Sanremo, Vannacci in platea al festival: "Mi hanno invitato"

(Adnkronos) -

Trasferta a Sanremo per il generale Roberto Vannacci. A quanto si apprende il leader di Futuro Nazionale, sarà infatti nella città dei fiori già domani 26 febbraio e poi ospite del Festival il 27, nella serata dedicata ai duetti degli artisti in gara. "Sono invitato - ha confermato all'Adnkronos - e sarò in platea per guardarmi lo spettacolo". Vannacci inoltre avrà in città alcuni incontri politici nell'ambito della regione Liguria. 

 

Vannacci è il primo leader politico a confermare la sua presenza a Sanremo, mentre nei giorni scorsi la premier Giorgia Meloni aveva smentito la notizia secondo cui avrebbe

 

partecipato alla serata inaugurale del festival

. "Leggo da giorni di una mia presunta partecipazione alla prima serata di Sanremo. Una notizia totalmente inventata, smentita immediatamente da Palazzo Chigi e successivamente dallo stesso Carlo Conti", aveva scritto sui social Meloni. 

"Eppure la storia continua: dopo la smentita, il conduttore è stato nuovamente incalzato in conferenza stampa su questa mia fantomatica presenza. A questo punto - aveva ironizzato la presidente del Consiglio - forse conviene ricordare a chi inventa notizie di sana pianta che il FantaSanremo è un gioco divertente per gli appassionati del Festival. Le notizie, invece, dovrebbero restare nel mondo reale". 

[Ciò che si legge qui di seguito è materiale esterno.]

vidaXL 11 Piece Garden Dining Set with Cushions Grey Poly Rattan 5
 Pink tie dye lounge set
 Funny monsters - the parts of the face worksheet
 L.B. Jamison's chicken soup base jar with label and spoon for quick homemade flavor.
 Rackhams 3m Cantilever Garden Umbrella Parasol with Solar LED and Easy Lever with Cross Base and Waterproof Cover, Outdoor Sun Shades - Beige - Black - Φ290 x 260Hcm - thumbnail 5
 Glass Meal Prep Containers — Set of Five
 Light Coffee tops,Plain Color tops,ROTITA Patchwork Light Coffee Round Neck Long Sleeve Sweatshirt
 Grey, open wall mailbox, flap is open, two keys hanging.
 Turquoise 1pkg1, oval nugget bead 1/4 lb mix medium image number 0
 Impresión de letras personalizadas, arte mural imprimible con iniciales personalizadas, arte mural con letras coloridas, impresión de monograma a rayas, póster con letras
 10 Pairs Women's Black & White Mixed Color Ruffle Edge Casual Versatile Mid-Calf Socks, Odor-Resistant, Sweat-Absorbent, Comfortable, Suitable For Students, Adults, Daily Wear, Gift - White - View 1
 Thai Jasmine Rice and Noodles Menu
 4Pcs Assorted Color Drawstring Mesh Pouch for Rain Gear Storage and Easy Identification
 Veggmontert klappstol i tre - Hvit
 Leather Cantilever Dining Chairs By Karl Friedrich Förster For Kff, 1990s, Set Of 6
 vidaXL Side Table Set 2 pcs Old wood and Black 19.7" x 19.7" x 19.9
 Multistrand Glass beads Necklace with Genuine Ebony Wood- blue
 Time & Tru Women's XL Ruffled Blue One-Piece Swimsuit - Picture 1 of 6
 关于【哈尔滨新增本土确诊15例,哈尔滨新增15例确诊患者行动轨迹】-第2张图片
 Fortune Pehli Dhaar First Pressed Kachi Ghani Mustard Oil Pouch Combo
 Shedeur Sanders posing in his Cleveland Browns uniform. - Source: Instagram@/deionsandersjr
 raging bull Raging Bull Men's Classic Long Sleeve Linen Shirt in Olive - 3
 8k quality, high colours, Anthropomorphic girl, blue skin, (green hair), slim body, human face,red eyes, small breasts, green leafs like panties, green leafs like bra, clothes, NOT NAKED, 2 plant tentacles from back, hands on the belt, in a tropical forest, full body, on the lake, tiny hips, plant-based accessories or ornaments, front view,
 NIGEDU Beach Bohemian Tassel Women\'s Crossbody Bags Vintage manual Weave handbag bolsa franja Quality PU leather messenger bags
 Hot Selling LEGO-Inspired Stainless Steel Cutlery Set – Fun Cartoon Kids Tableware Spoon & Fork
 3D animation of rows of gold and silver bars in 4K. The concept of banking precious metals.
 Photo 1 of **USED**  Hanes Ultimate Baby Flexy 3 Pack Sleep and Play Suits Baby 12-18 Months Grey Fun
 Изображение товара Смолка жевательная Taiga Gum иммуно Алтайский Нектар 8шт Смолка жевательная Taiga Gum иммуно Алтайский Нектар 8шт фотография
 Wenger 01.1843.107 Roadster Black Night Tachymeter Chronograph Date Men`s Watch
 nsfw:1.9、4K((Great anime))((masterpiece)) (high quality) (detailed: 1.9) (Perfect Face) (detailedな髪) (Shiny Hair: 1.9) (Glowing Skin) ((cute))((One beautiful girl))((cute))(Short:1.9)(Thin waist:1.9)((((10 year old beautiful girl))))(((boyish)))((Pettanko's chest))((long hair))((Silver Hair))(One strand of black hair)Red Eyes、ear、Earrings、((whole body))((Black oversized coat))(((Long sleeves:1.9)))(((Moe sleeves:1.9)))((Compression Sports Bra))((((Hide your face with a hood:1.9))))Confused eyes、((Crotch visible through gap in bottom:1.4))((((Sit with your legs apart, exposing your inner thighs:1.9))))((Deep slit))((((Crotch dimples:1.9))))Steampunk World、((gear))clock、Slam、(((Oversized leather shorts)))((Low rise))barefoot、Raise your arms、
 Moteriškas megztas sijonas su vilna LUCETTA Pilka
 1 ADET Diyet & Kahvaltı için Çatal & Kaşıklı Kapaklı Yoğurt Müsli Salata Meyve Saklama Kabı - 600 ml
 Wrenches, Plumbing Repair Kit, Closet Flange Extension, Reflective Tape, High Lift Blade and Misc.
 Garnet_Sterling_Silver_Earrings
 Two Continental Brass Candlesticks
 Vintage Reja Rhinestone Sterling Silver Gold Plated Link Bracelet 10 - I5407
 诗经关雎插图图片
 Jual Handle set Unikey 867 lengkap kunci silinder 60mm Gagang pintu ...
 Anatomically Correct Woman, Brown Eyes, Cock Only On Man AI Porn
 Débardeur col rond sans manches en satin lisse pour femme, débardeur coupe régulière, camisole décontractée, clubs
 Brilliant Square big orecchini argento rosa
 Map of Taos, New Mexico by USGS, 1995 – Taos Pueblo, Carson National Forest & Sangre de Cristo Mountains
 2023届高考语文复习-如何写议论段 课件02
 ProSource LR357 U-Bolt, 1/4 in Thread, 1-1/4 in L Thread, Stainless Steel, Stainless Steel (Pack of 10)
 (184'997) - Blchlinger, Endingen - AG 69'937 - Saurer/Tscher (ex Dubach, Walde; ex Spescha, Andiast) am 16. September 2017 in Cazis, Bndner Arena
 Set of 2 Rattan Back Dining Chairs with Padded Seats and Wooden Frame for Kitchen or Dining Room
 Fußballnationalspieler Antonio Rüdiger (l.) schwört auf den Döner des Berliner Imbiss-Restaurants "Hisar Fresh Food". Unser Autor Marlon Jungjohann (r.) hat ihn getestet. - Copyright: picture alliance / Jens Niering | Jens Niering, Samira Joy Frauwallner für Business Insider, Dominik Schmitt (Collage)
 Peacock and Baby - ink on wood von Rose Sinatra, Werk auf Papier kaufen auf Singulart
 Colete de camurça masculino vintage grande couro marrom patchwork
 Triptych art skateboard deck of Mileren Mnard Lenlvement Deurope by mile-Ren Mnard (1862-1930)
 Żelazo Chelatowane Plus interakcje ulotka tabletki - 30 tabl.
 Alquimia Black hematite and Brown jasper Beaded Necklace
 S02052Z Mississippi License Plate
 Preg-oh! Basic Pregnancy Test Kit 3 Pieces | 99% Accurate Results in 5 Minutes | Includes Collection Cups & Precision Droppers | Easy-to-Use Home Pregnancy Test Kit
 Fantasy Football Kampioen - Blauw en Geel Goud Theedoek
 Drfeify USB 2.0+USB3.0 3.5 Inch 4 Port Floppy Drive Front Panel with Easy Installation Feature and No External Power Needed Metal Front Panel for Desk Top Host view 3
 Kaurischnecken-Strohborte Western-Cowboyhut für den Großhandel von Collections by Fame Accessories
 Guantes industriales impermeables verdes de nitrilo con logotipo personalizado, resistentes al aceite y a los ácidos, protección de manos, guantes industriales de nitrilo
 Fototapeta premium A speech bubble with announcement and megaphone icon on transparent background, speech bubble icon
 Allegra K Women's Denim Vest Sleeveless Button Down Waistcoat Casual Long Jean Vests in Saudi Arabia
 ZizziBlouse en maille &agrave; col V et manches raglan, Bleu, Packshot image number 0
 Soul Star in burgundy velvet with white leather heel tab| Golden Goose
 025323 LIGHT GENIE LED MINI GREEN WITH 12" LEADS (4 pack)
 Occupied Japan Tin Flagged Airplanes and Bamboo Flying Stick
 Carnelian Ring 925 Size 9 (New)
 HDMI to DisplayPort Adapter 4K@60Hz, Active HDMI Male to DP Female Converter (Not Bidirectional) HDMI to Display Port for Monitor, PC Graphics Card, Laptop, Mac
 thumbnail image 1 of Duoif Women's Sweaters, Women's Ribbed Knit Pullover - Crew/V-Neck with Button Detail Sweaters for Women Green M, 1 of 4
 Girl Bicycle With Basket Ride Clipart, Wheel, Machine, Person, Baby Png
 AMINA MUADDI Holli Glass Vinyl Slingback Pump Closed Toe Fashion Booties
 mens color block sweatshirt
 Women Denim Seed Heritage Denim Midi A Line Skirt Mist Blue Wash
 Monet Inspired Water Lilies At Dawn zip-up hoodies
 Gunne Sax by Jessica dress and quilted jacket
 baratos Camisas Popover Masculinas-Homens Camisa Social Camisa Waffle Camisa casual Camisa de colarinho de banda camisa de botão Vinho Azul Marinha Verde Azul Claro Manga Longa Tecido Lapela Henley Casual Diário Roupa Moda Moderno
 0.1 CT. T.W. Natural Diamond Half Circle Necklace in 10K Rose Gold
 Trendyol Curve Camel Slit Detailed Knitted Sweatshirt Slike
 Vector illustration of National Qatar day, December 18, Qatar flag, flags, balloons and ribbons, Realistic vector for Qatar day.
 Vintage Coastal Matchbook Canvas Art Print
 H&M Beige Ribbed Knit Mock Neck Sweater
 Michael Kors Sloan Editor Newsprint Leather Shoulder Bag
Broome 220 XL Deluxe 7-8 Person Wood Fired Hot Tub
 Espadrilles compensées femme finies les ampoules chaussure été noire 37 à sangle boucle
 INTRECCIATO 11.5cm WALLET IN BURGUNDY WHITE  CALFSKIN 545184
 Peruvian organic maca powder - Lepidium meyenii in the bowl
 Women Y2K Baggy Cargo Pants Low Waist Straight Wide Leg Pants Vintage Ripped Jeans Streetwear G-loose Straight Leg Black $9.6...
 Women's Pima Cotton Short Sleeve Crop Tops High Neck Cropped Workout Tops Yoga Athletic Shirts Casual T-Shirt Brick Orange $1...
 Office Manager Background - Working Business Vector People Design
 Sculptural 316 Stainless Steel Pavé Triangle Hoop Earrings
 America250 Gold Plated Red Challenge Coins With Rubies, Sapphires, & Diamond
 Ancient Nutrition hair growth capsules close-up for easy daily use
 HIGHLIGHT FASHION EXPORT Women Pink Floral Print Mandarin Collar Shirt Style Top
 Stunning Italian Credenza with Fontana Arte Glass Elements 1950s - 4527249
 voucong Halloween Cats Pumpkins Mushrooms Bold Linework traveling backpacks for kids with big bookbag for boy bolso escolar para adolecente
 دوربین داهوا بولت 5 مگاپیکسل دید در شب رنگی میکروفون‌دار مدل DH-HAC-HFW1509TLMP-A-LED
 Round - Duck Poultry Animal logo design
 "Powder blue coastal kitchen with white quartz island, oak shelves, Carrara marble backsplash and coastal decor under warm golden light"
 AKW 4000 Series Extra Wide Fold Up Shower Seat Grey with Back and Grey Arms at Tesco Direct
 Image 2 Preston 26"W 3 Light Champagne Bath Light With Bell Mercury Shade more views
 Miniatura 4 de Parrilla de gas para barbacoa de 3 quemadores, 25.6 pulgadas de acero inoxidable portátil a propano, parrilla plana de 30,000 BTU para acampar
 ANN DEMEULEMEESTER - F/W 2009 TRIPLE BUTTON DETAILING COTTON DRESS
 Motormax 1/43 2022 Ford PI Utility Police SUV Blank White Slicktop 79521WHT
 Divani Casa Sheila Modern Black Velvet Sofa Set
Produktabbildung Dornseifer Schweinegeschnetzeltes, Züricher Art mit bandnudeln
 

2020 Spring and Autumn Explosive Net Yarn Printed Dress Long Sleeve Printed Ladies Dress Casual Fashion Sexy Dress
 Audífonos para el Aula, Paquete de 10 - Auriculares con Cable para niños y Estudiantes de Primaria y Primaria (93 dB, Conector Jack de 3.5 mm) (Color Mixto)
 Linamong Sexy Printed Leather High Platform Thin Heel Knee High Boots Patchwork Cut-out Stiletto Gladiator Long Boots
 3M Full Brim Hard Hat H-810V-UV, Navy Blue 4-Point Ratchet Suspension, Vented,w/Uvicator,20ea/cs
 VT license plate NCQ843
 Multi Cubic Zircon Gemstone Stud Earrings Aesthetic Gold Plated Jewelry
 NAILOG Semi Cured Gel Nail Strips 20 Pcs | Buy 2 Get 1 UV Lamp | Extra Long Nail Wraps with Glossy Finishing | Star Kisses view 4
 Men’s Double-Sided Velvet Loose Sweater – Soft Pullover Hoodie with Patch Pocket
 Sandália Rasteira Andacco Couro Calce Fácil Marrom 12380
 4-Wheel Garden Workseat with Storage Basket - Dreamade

"Nel frattempo io continuo a fare il mio lavoro. E sono sicura che Sanremo saprà brillare senza ospiti immaginari. Perché è la più grande festa della musica italiana, e non serve infilarci a forza la polemica politica", aveva concluso Meloni. 

 

Delle polemiche politiche che hanno investito il festival, nate anche dal dietrofront del comico Andrea Pucci, aveva parlato proprio Carlo Conti nella conferenza inaugurale di Sanremo 2026: "Vi ricordo che qualcuno di voi aveva detto, quando c'era Renzi, che ero renziano. Ora divento meloniano, domani divento cinquestelliano", aveva risposto a domanda diretta il direttore artistico della kermesse, "io sono un uomo libero e ci tengo proprio, da 40 anni a questa parte, a questo, a essere indipendente il più possibile nel mio lavoro. Che poi il mio lavoro è essere un giullare in televisione, non è che devo fare chissà che cosa. Orgogliosamente faccio il giullare". 

Incalzato dai giornalisti, Conti aveva smentito ogni rumors di un suo invito per Giorgia Meloni all'Ariston: "Ho già risposto: fantascienza pura. Non ho nessun rapporto. Io credo che la mia storia parli per me, parli per gli ospiti che ho portato al festival. Sanremo l'ho fatto con un governo e l'ho fatto con un altro. Ho avuto sempre una Rai dalla mia parte ma in assoluta autonomia. Ripeto e sottolineo: preferisco che si dica che io non so fare il mio mestiere piuttosto che qualcuno dica che mi hanno obbligato a prendere qualcuno o mi hanno tirato per la giacca per favorire questo o quel comico o artista su quel palcoscenico", aveva detto in chiaro riferimento al caso Pucci.  

"Poi la premier è una cittadina libera, se compra il biglietto e vuole venire, può venire. Come qualsiasi altro cittadino. Non è che decido io chi può venire o non venire a vedere il festival", aveva concluso Conti.